Mora no le soy, señora marquesa, o condesa, o lo que sea..., pero la verdad es que estoy negra por verme recibida con esa cara de vinagre, que incluso se me representa una de aquellas matronas que tienen en las aduanas para registrar a las mujeres…

-Rapaza, no me interpretes mal, que este gandul ya es mayor de edad, y ante eso, ¡nada! Entonces, que seas bien venida, vengas de donde vengas, que por la Iglesia pasaste..., ¡o eso tengo entendido!, así que, si Dios y el teniente te dieron un pase para entrar en mi familia, yo..., ¡yo a rezar, para que cuaje este cuajo tan desigual!

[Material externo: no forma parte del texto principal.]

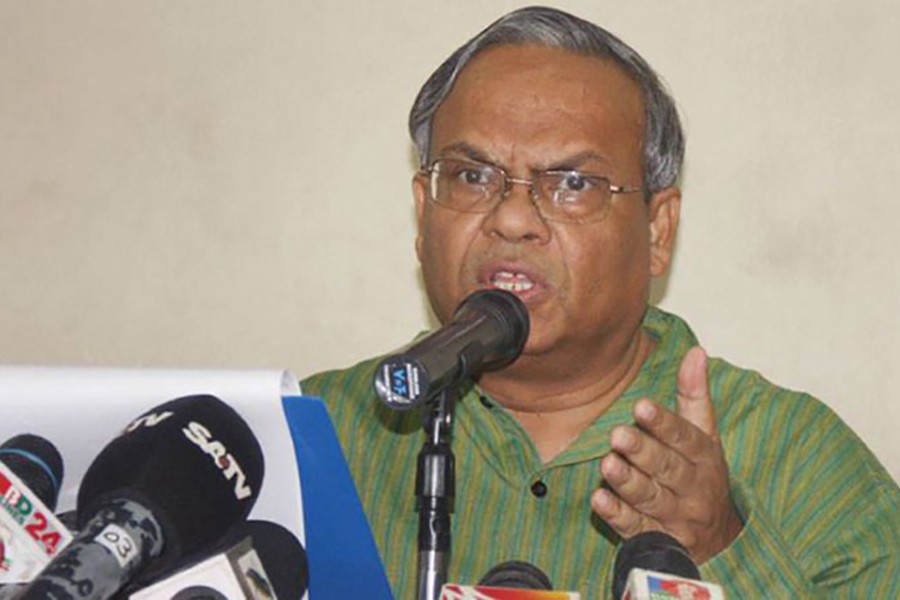 BNP senior Joint Secretary General Ruhul Kabir Rizvi seen in this file photo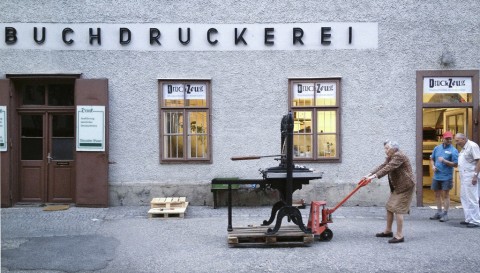 Druckerei Bauer Frontansicht; Foto: langenacht.orf.at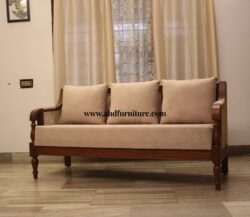 3 Seater Wooden Sofa 16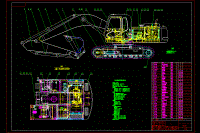 PC310挖掘機CAD圖紙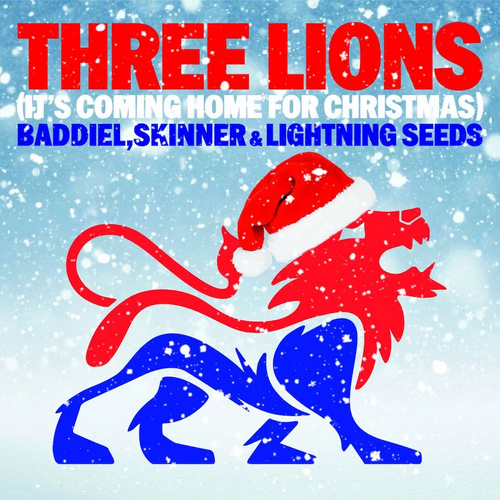 BADDIEL, SKINNER & LIGHTNING SEEDS - THREE LIONS (IT'S COMING HOME FOR CHRISTMAS) VINYL (LTD. ED. WHITE 7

Tú de quien tienes que ser buena amiga es de mi hijo, de tu hombre, que para mí no te preciso, que las amigas las tengo todo por aquí, mayormente en Lugo. Lo que sí es cierto, hablando de amigas, -y con eso dicho, clavó los ojos en su hijo, en actitud enfurecida-, digo, que alguna se me va a perder, desde ahora mismo, pues hay tiros que rebotan, y otros que salen por la culata, como debiera saber este oficial...

Aquella hidalga era otra rumiante de sus propios pensamientos, que las personas, fuera el alma, algo de animales tenemos, ¡tenemos y conservamos, sin que apenas influya en eso nuestro grado de culturización!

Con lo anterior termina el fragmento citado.